Statistical analysis
The 21 markers screened on 78 individual patient samples were subject to permutated logistic modelling with bootstrapping for 500 data splits and non-parametric Rank Product analysis (EpiSwitch® RankProd R library). Two machine learning procedures (eXtreme Gradient Boosting: XGBoost and CatBoost) were used to further reduce the feature pool and identify the most predictive/prognostic, 3D genomic markers. The resulting markers were then used to build the final classifying models using CatBoost and XGBoost. All analysis was performed using R statistical language with Caret, XGBoost, SHAPforxgboost and CatBoost libraries.
Results
Identification of the top prognostic 3D genomic markers for severe COVID-19 disease outcomes
In this study we employed a sequential stepwise strategy to identify a minimal set of biomarkers that were predictive of COVID-19 disease severity (Figure 1). Starting with an initial set of 200 array-derived 3D genomic marker leads identified in our previously published work, here we used independent sets of 116 whole blood samples collected at the time of confirmed COVID-19 infection from patients in the United States, Peru, and the Dominican Republic to refine and test the prognostic 3D genomic biomarker panel. Whole blood samples were procured for a Training cohort used to build and refine the classifier model, and Test cohort to assess the predictive performance of the model. Clinical characteristics of the patients are shown in Table 1 and Supplemental Tables 1, 2. To translate the EpiSwitch Explorer Array markers to a PCR-detectable assay, primers to detect individual 3D genomic markers were generated and validated (Materials & Methods). Using a 78 sample Training set of COVID-19 patient whole blood samples, feature reduction using machine learning methods on the initial pool of 200 3D genomic biomarkers identified 21 markers with predictive power to differentiate between COVID-19 patients that required a high degree of medical disease management (e.g. admission to the intensive care unit (ICU), mechanical ventilation) and those that were hospitalized but required less interventional care and support (Supplemental Table 1, for Cq data see online link – https://github.com/oxfordBiodynamics/medrxiv/tree/main/CST%20publication).
We found the top 21 markers to be non-randomly distributed throughout the human genome, with notable enrichment on larger chromosomes and a hotspots on chromosome 11 (Figure 2A).
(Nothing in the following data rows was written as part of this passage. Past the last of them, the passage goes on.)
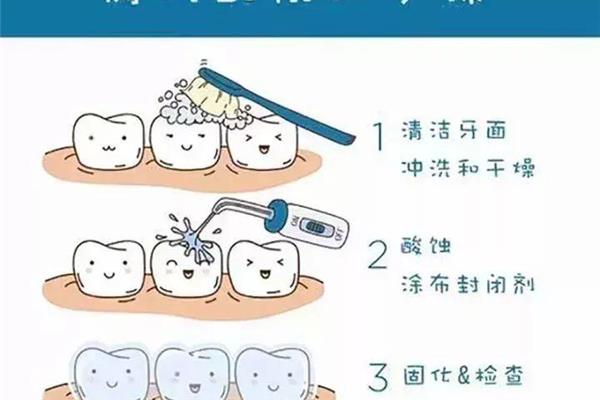 窩溝封閉后多久可以刷牙?窩溝封閉有害嗎?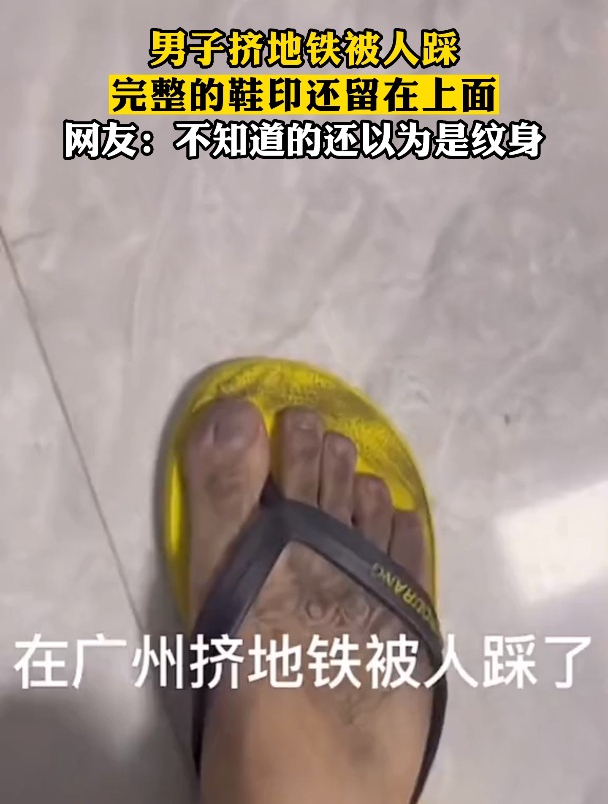 男子挤地铁被人踩,完整的鞋印还留在上面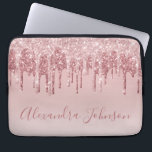 Roze Rose Gold Glitter Sparkle Monogram Laptop Sleeve<br><div class="desc">Blush Pink - Roos Gold Faux Dripping Glitter en Sparkle Elegant Monogram Girly Schattige Laptop Computer Hoesje of Sleeve. Dit hoesje kan worden aangepast om uw handtekening script naam op te nemen.</div>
Four out of the 21 markers associated with ICU outcomes occurred within an approximately 265 kb region on the p-arm of chromosome 11 containing the switching B cell complex subunit SWAP70 (SWAP70) locus (Figure 2B). While some of the 3D genomic markers were localized within protein coding regions of single genes (Figure 2C), other markers spanned the protein coding regions of multiple genes (Figure 2B). Pathway enrichment for genes contained within the 21 3D genomic markers revealed the top two pathways to be related to downstream signalling mediated by B-cell receptor activation (Table 3). Importantly, genomic loci encoding proteins involved in hemostasis/clotting were also enriched (Figure 3, Table 3). The 21 3D genomic markers were further refined to a set of 6 markers (Table 4 with predictive ability for COVID severity and applied to an independent Test cohort (Supplemental Table 2).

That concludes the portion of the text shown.